_Task requirements_: Go over the entries and report the lines where the word "Sport" occurs.

_Supplied entries_:
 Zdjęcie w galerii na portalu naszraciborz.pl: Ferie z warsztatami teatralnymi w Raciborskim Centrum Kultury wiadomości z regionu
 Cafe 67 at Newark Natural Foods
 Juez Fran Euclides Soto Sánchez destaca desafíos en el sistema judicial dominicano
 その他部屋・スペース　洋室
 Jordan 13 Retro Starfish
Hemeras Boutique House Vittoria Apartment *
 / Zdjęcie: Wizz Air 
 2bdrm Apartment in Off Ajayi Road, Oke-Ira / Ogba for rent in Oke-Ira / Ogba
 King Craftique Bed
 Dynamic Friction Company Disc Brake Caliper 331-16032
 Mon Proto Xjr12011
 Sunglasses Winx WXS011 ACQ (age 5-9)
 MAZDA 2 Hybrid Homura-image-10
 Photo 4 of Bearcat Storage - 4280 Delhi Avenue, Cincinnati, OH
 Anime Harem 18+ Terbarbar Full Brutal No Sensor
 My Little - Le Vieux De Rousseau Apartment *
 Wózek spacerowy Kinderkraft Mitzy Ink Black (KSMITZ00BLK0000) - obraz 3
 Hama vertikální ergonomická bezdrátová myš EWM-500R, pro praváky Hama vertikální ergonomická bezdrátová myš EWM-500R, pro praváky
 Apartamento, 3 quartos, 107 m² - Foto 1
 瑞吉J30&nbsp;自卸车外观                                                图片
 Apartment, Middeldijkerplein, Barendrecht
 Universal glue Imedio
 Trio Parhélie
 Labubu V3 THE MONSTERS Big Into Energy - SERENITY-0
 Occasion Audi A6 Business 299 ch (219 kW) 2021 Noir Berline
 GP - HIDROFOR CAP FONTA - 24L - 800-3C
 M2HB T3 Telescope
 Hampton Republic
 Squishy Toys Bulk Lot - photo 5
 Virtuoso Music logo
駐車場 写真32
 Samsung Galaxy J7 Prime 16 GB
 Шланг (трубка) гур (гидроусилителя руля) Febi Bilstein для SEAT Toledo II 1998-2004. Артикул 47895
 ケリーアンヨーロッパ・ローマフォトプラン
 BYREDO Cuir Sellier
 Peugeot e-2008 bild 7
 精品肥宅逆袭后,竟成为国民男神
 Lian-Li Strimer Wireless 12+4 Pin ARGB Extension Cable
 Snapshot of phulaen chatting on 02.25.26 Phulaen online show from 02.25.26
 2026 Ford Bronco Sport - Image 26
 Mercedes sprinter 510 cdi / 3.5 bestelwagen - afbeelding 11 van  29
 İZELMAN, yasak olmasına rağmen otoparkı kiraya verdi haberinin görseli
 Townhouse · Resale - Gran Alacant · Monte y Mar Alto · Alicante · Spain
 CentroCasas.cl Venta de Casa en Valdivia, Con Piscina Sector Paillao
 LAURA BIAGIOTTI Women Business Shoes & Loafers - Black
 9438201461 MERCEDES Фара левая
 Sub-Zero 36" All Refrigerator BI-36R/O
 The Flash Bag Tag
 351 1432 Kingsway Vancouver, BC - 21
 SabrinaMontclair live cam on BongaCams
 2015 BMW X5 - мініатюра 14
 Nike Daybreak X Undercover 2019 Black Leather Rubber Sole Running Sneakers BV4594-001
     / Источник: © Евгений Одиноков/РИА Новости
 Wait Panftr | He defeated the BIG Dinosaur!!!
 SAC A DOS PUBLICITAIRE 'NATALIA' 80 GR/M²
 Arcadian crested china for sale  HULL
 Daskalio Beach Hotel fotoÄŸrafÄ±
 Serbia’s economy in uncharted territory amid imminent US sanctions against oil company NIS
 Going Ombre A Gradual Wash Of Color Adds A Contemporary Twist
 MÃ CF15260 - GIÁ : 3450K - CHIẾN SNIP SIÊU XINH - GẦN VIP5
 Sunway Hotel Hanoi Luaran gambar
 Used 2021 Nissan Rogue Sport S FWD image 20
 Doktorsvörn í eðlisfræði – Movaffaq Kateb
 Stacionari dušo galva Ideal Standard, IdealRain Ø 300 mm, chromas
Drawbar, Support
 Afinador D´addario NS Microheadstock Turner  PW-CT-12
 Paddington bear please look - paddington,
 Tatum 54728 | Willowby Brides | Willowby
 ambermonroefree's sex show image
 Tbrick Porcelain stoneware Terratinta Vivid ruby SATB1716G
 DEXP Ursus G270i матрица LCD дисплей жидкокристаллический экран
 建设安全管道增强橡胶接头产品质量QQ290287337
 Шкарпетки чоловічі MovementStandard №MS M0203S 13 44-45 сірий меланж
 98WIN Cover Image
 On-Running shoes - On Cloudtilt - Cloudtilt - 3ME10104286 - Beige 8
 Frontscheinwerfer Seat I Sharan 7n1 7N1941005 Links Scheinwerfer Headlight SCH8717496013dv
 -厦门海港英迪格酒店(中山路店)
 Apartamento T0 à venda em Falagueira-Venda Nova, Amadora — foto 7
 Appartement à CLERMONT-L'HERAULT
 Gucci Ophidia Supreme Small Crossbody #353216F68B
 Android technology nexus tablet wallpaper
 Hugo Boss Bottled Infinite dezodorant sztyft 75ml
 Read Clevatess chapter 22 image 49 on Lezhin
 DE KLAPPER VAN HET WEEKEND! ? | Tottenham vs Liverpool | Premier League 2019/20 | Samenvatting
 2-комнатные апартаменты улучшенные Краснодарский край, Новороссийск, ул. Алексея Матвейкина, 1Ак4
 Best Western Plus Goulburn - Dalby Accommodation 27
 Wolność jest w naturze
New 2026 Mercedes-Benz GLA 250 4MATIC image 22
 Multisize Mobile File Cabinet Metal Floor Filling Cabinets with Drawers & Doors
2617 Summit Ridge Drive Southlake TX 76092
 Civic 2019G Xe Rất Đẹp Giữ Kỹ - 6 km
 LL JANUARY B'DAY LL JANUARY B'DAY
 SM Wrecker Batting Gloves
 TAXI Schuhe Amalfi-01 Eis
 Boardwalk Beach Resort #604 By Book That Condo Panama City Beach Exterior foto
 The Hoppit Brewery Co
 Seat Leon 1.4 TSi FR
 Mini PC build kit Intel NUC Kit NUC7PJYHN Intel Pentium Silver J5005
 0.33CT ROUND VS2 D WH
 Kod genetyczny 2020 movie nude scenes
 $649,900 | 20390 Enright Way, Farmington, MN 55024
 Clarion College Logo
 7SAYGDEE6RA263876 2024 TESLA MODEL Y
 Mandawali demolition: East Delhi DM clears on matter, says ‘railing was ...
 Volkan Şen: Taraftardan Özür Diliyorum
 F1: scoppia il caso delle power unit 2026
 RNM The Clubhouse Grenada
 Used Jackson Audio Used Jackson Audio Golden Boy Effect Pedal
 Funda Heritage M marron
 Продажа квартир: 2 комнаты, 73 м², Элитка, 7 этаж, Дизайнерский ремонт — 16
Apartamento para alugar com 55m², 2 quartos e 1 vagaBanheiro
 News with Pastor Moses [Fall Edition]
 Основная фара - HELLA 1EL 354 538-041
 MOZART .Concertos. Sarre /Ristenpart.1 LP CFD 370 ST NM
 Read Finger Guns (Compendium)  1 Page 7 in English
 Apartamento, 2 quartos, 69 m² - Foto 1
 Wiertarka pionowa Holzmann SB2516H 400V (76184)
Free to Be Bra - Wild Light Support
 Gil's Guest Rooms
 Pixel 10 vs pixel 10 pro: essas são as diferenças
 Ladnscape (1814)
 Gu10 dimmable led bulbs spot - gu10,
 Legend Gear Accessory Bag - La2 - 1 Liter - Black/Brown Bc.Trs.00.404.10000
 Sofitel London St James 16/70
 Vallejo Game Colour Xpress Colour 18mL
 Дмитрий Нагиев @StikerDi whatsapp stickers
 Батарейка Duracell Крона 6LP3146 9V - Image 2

_Your response_:
 2026 Ford Bronco Sport - Image 26
 Used 2021 Nissan Rogue Sport S FWD image 20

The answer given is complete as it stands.